Records shown =
•••••

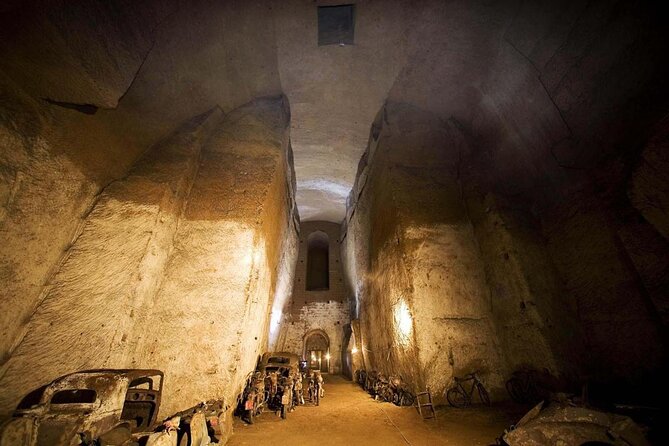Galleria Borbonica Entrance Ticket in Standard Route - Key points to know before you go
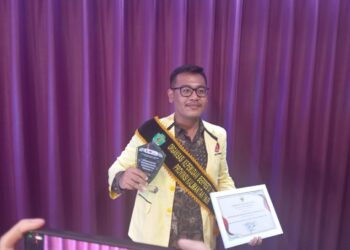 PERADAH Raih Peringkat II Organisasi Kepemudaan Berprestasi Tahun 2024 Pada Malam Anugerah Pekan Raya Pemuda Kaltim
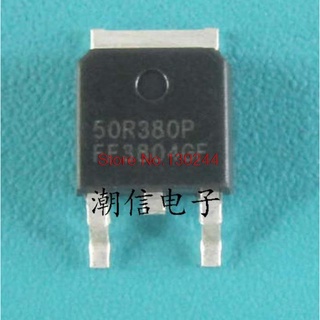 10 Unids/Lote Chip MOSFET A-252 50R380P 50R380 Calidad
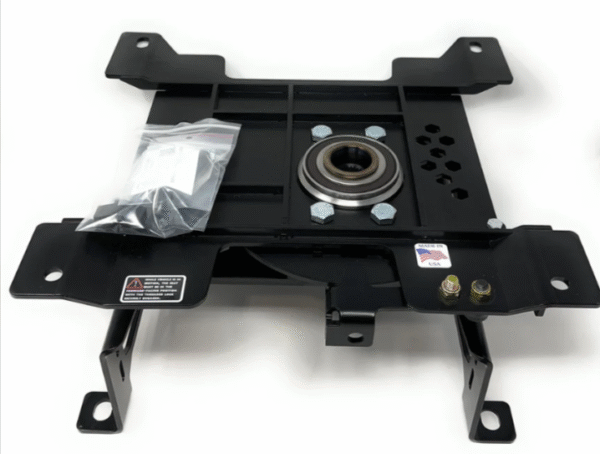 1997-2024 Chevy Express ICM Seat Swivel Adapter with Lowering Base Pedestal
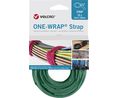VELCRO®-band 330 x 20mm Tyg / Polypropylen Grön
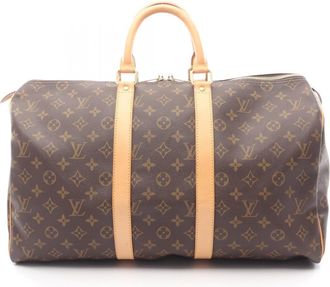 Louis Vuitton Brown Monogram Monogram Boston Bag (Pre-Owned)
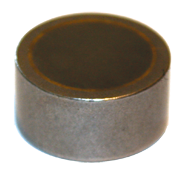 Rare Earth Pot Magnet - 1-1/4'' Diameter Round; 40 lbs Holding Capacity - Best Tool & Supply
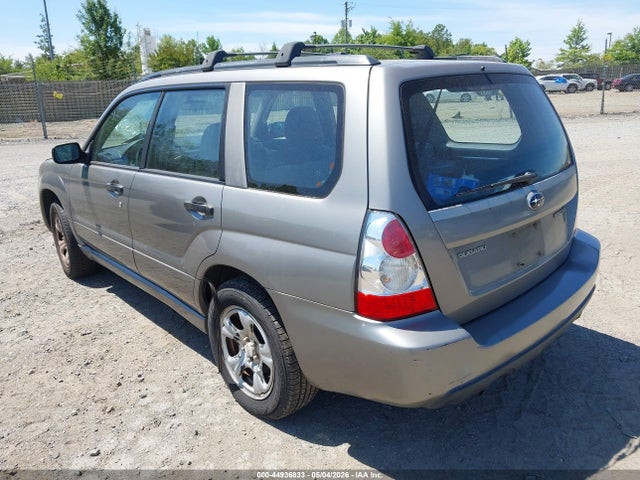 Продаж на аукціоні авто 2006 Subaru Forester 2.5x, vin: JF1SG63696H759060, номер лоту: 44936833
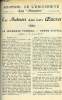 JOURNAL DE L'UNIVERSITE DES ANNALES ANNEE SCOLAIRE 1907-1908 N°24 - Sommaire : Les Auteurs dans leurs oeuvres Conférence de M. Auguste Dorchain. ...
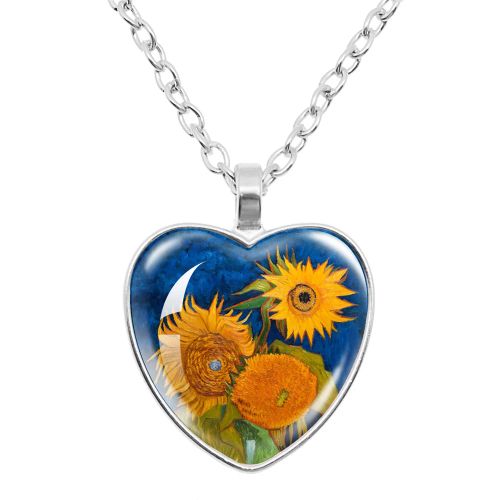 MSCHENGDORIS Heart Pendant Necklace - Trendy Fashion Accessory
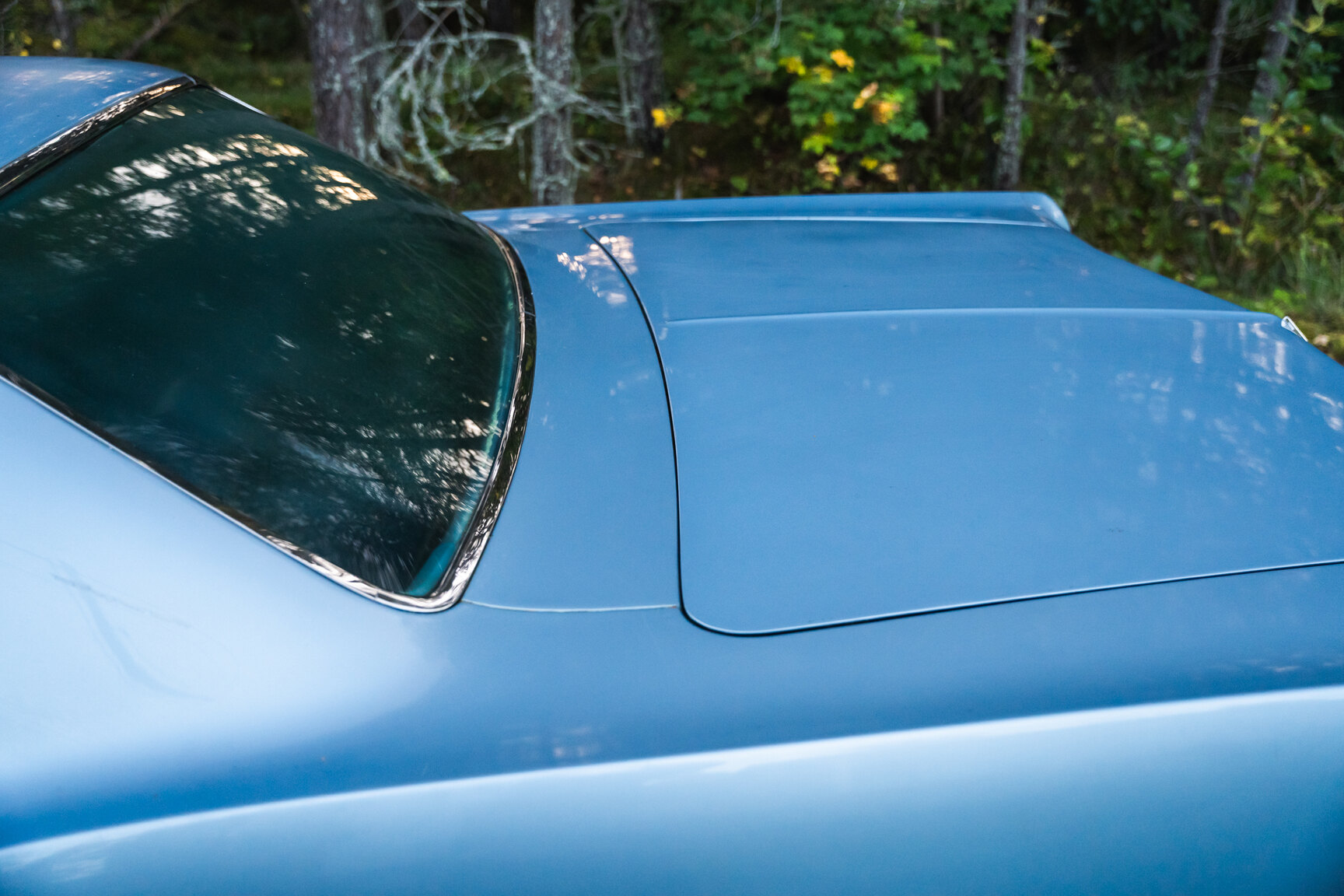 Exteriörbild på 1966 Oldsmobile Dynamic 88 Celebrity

•••••

The expected output is every record above, copied exactly, without pictures.

Output =
Galleria Borbonica Entrance Ticket in Standard Route - Key points to know before you go
 PERADAH Raih Peringkat II Organisasi Kepemudaan Berprestasi Tahun 2024 Pada Malam Anugerah Pekan Raya Pemuda Kaltim
 10 Unids/Lote Chip MOSFET A-252 50R380P 50R380 Calidad
 1997-2024 Chevy Express ICM Seat Swivel Adapter with Lowering Base Pedestal
VELCRO®-band 330 x 20mm Tyg / Polypropylen Grön
 Louis Vuitton Brown Monogram Monogram Boston Bag (Pre-Owned)
 Rare Earth Pot Magnet - 1-1/4'' Diameter Round; 40 lbs Holding Capacity - Best Tool & Supply
 Продаж на аукціоні авто 2006 Subaru Forester 2.5x, vin: JF1SG63696H759060, номер лоту: 44936833
 JOURNAL DE L'UNIVERSITE DES ANNALES ANNEE SCOLAIRE 1907-1908 N°24 - Sommaire : Les Auteurs dans leurs oeuvres Conférence de M. Auguste Dorchain. ...
 MSCHENGDORIS Heart Pendant Necklace - Trendy Fashion Accessory
 Exteriörbild på 1966 Oldsmobile Dynamic 88 Celebrity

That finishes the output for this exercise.